Inference Overview¤
This guide provides a complete overview of performing inference with Workshop models, covering model loading, batch processing, streaming inference, and performance optimization.
Overview¤
-
Model Loading
Load trained models for inference efficiently
-
Batch Inference
Process multiple inputs efficiently with batching
-
Streaming Inference
Real-time generation with streaming
-
Performance
Optimize inference speed and memory
Prerequisites¤
import jax
import jax.numpy as jnp
from flax import nnx
from workshop.generative_models.core import DeviceManager
from workshop.generative_models.core.checkpointing import load_checkpoint, setup_checkpoint_manager
Model Loading¤
Loading from Checkpoint¤
from workshop.generative_models.core.checkpointing import (
load_checkpoint,
setup_checkpoint_manager,
)
from workshop.generative_models.models.vae import VAE
def load_model_for_inference(
checkpoint_dir: str,
config: dict,
) -> VAE:
"""
Load a trained model from checkpoint for inference.
Args:
checkpoint_dir: Path to checkpoint directory
config: Model configuration dictionary
Returns:
Loaded model ready for inference
"""
# Initialize device manager
device_manager = DeviceManager()
# Create model template with same architecture
rngs = nnx.Rngs(0) # Seed doesn't matter for loading
model_template = VAE(
input_shape=config["input_shape"],
latent_dim=config["latent_dim"],
encoder_features=config.get("encoder_features", [32, 64, 128]),
decoder_features=config.get("decoder_features", [128, 64, 32]),
rngs=rngs,
)
# Setup checkpoint manager
checkpoint_manager, _ = setup_checkpoint_manager(checkpoint_dir)
# Load weights
model, step = load_checkpoint(checkpoint_manager, model_template)
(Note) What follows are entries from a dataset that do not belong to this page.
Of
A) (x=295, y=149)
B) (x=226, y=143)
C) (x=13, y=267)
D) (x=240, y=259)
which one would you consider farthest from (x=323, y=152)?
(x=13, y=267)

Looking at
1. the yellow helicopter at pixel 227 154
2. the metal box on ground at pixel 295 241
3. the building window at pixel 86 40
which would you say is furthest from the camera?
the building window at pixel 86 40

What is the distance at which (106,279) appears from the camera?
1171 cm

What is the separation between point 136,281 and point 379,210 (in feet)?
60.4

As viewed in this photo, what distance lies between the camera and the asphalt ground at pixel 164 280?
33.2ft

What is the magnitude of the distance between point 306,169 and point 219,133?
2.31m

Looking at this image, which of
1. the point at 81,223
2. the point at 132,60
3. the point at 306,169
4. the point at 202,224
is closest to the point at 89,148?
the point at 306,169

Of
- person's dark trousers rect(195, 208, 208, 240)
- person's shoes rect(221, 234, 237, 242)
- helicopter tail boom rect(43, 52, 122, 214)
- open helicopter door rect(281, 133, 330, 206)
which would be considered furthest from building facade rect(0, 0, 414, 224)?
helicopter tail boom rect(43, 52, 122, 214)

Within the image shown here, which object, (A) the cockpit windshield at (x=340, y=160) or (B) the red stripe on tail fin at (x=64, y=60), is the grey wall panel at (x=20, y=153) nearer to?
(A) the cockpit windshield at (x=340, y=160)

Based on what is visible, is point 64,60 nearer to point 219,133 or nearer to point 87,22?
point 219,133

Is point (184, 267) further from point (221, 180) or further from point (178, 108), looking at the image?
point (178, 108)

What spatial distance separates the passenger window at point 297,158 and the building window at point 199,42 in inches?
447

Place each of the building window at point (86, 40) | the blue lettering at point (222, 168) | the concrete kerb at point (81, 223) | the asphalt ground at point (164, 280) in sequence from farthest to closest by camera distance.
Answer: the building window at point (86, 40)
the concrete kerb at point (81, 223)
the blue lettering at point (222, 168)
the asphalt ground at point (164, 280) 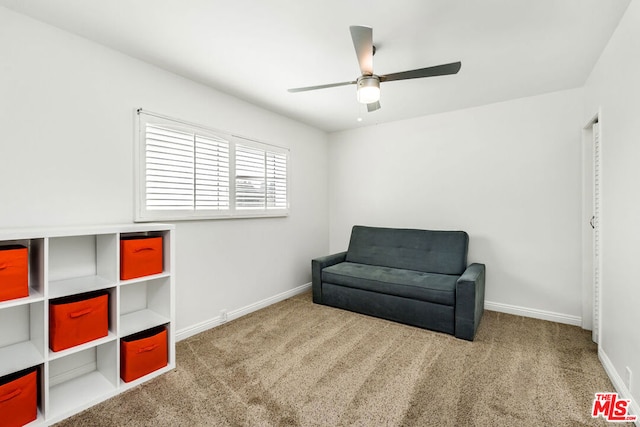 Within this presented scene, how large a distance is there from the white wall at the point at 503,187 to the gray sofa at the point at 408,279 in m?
0.36

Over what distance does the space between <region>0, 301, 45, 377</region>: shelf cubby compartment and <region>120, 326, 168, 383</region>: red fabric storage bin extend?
0.46 metres

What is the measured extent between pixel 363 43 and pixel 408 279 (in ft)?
7.78

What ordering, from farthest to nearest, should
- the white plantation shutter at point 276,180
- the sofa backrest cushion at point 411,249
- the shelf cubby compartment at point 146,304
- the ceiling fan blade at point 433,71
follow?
1. the white plantation shutter at point 276,180
2. the sofa backrest cushion at point 411,249
3. the shelf cubby compartment at point 146,304
4. the ceiling fan blade at point 433,71

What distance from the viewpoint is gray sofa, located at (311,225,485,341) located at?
282cm

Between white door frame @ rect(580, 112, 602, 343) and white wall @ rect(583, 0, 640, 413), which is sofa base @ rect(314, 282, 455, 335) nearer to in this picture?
white wall @ rect(583, 0, 640, 413)

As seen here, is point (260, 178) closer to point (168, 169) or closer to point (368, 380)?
point (168, 169)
print(f"Loaded model from step {step}")
return model
# Example usage
config = {
"input_shape": (28, 28, 1),
"latent_dim": 64,
"encoder_features": [32, 64, 128],
"decoder_features": [128, 64, 32],
}
model = load_model_for_inference("./checkpoints/vae", config)
Loading from Export Directory¤
import json
from pathlib import Path
def load_exported_model(export_dir: str):
"""
Load model from export directory with metadata.
Args:
export_dir: Path to export directory
Returns:
Tuple of (model, config, metadata)
"""
export_path = Path(export_dir)
# Load metadata
with open(export_path / "metadata.json") as f:
metadata = json.load(f)
# Load config
with open(export_path / "config.json") as f:
config = json.load(f)
# Load model
model = load_model_for_inference(str(export_path / "checkpoints"), config)
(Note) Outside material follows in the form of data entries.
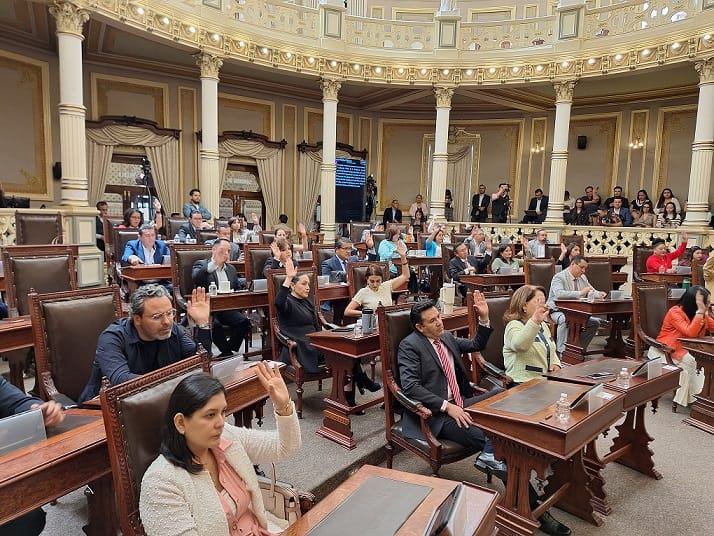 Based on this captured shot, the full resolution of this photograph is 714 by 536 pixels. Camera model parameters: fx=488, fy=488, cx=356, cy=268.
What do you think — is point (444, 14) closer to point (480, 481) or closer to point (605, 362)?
point (605, 362)

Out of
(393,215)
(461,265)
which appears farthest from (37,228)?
(393,215)

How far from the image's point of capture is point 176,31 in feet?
25.6

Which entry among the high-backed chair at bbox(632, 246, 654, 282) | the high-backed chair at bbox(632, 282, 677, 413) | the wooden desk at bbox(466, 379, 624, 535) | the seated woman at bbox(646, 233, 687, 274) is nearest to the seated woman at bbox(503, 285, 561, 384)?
the wooden desk at bbox(466, 379, 624, 535)

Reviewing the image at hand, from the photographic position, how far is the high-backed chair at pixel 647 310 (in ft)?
14.0

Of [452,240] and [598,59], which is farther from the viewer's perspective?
[598,59]

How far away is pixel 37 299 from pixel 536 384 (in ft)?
8.28

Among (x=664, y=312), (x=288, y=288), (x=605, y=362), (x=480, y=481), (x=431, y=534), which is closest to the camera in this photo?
(x=431, y=534)

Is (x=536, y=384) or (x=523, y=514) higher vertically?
(x=536, y=384)

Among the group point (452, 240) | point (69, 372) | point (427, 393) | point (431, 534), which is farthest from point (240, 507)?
point (452, 240)

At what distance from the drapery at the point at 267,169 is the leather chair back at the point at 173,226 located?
3.58 meters

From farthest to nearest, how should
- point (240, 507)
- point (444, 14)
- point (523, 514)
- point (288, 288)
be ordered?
point (444, 14) < point (288, 288) < point (523, 514) < point (240, 507)

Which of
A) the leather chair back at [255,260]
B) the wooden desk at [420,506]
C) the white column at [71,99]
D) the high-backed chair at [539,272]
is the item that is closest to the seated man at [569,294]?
the high-backed chair at [539,272]

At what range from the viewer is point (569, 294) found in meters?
4.94

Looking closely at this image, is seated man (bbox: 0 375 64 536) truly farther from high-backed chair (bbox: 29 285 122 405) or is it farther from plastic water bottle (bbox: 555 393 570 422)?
plastic water bottle (bbox: 555 393 570 422)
print(f"Loaded model: {metadata['model_type']}")
print(f"Trained for {metadata['training_steps']} steps")
print(f"Final loss: {metadata['final_loss']:.4f}")
return model, config, metadata
# Example
model, config, metadata = load_exported_model("./exports/vae_mnist_final")
JIT Compilation for Inference¤
@jax.jit
def generate_samples_jit(model: VAE, z: jax.Array) -> jax.Array:
"""JIT-compiled sample generation."""
return model.decode(z)
@jax.jit
def encode_images_jit(model: VAE, images: jax.Array) -> jax.Array:
"""JIT-compiled encoding."""
latent_params = model.encode(images)
# Return mean for deterministic encoding
mean = latent_params["mean"]
return mean
def inference_with_jit(model: VAE, num_samples: int = 16):
"""Perform inference with JIT compilation."""
# First call compiles (may be slow)
print("Compiling...")
rngs = nnx.Rngs(42)
z = jax.random.normal(rngs.sample(), (num_samples, model.latent_dim))
samples = generate_samples_jit(model, z)
print(f"Compiled! Generated {samples.shape}")
# Subsequent calls are fast
print("Running inference...")
import time
start = time.time()
for _ in range(10):
z = jax.random.normal(rngs.sample(), (num_samples, model.latent_dim))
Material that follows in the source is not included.